# EXERCISE INPUTS
★ ★ ★ ★ ★ ★ ★

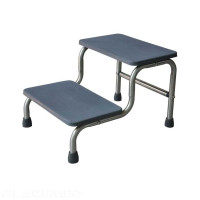 2-Step Stainless Steel Step Stool - Comfort and Safety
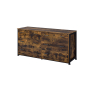 Juvanth - Dresser - Rustic Oak & Black Finish, 59" Wide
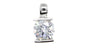 A White & White Cubic Zirconia Pendant.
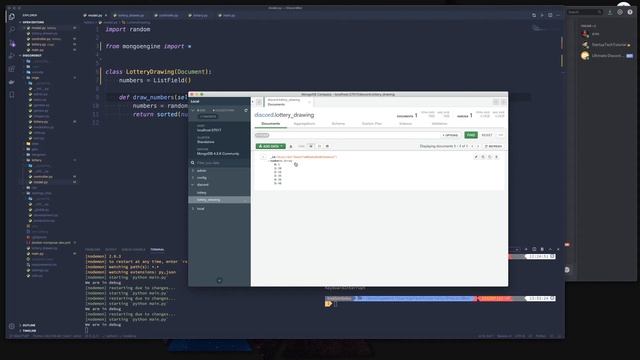ULTIMATE DISCORD BOT - Episode 34 - saving lottery numbers to mongodb by using mongoengine ODM смотреть онлайн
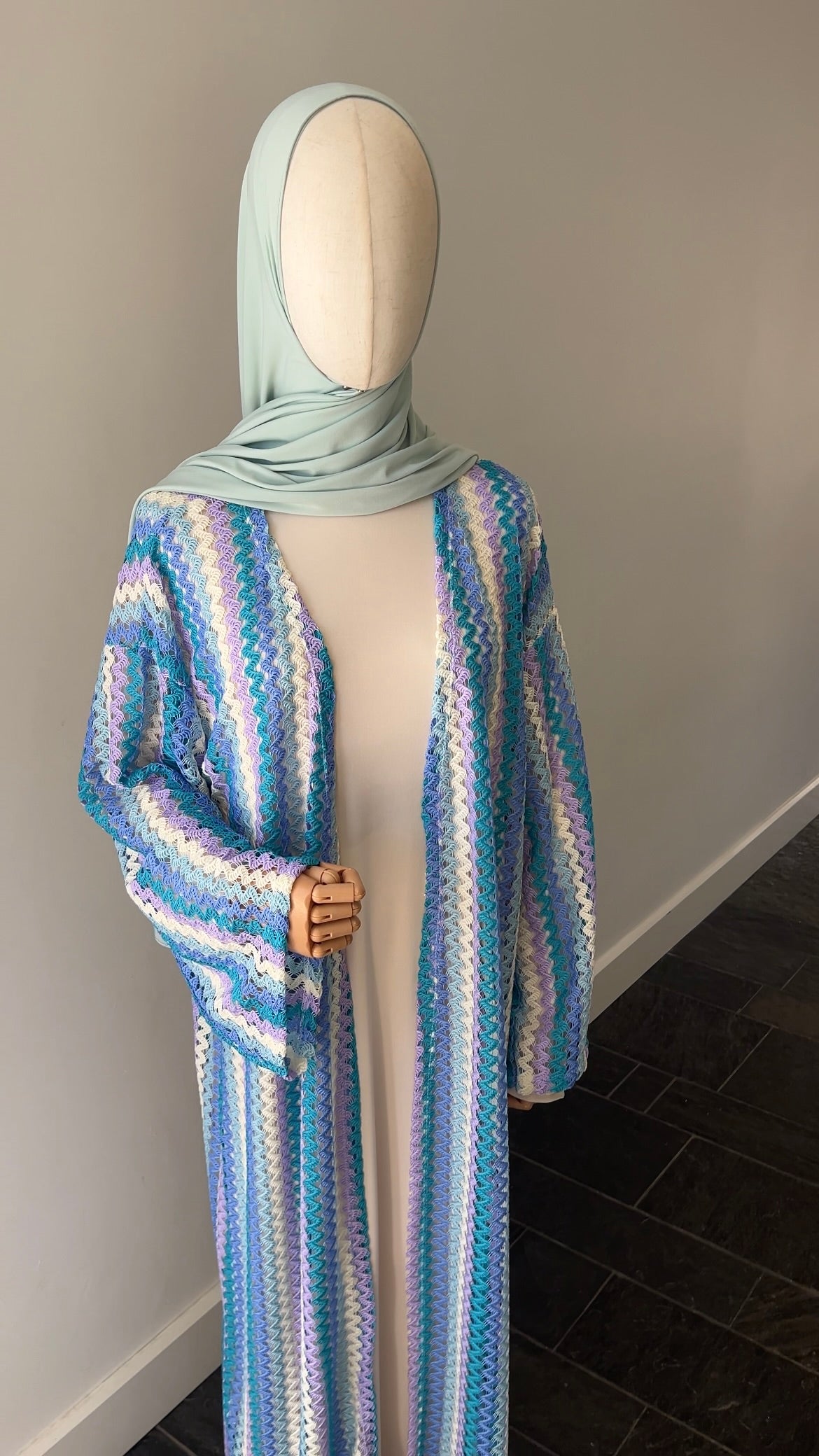 STRIPED KIMONO BLUE PURPLE
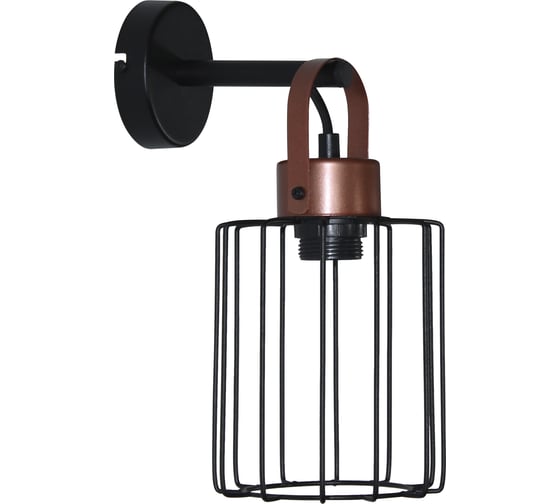 Изображение товара Настенный светильник ЭЛЕТЕХ Манго 511 черн.муар медь НББ 01-60-166 Е27 [ИМ] 1005405086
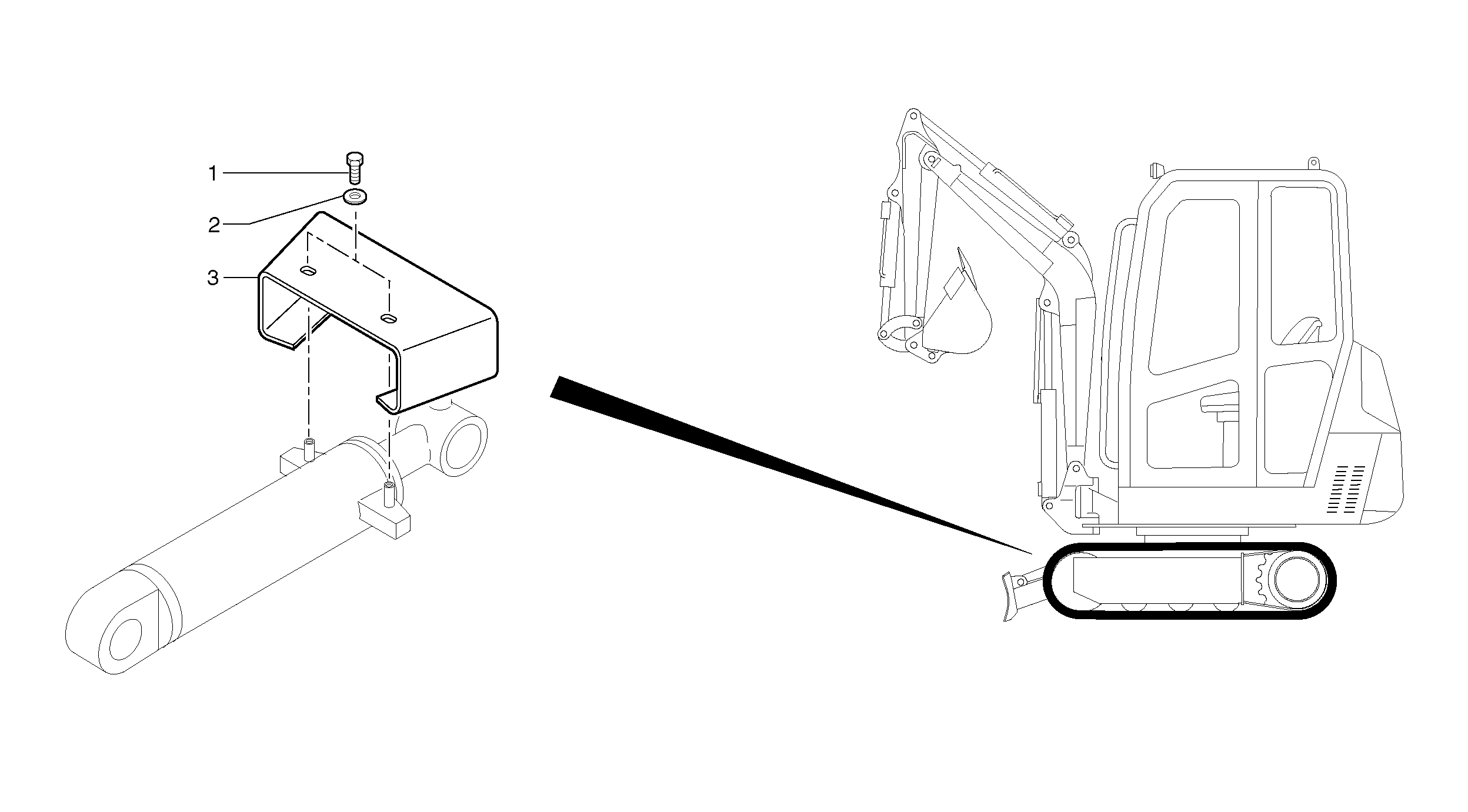 Cylinder rod protection — volvo parts diagram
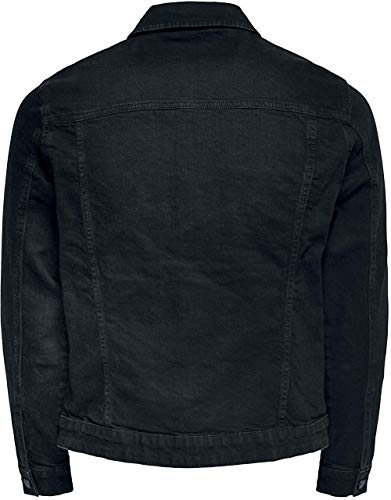 Only & Sons Onscoin Jacket PK 0453 Noos Chaqueta Vaquera, Negro (Black Denim Black Denim), Small para Hombre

★ ★ ★ ★ ★ ★ ★

# GOAL OF THE EXERCISE
Strip out the pictures and repeat the listing above exactly.

# ANSWER TO THIS TASK
 2-Step Stainless Steel Step Stool - Comfort and Safety
 Juvanth - Dresser - Rustic Oak & Black Finish, 59" Wide
 A White & White Cubic Zirconia Pendant.
ULTIMATE DISCORD BOT - Episode 34 - saving lottery numbers to mongodb by using mongoengine ODM смотреть онлайн
 STRIPED KIMONO BLUE PURPLE
 Изображение товара Настенный светильник ЭЛЕТЕХ Манго 511 черн.муар медь НББ 01-60-166 Е27 [ИМ] 1005405086
 Cylinder rod protection — volvo parts diagram
 Only & Sons Onscoin Jacket PK 0453 Noos Chaqueta Vaquera, Negro (Black Denim Black Denim), Small para Hombre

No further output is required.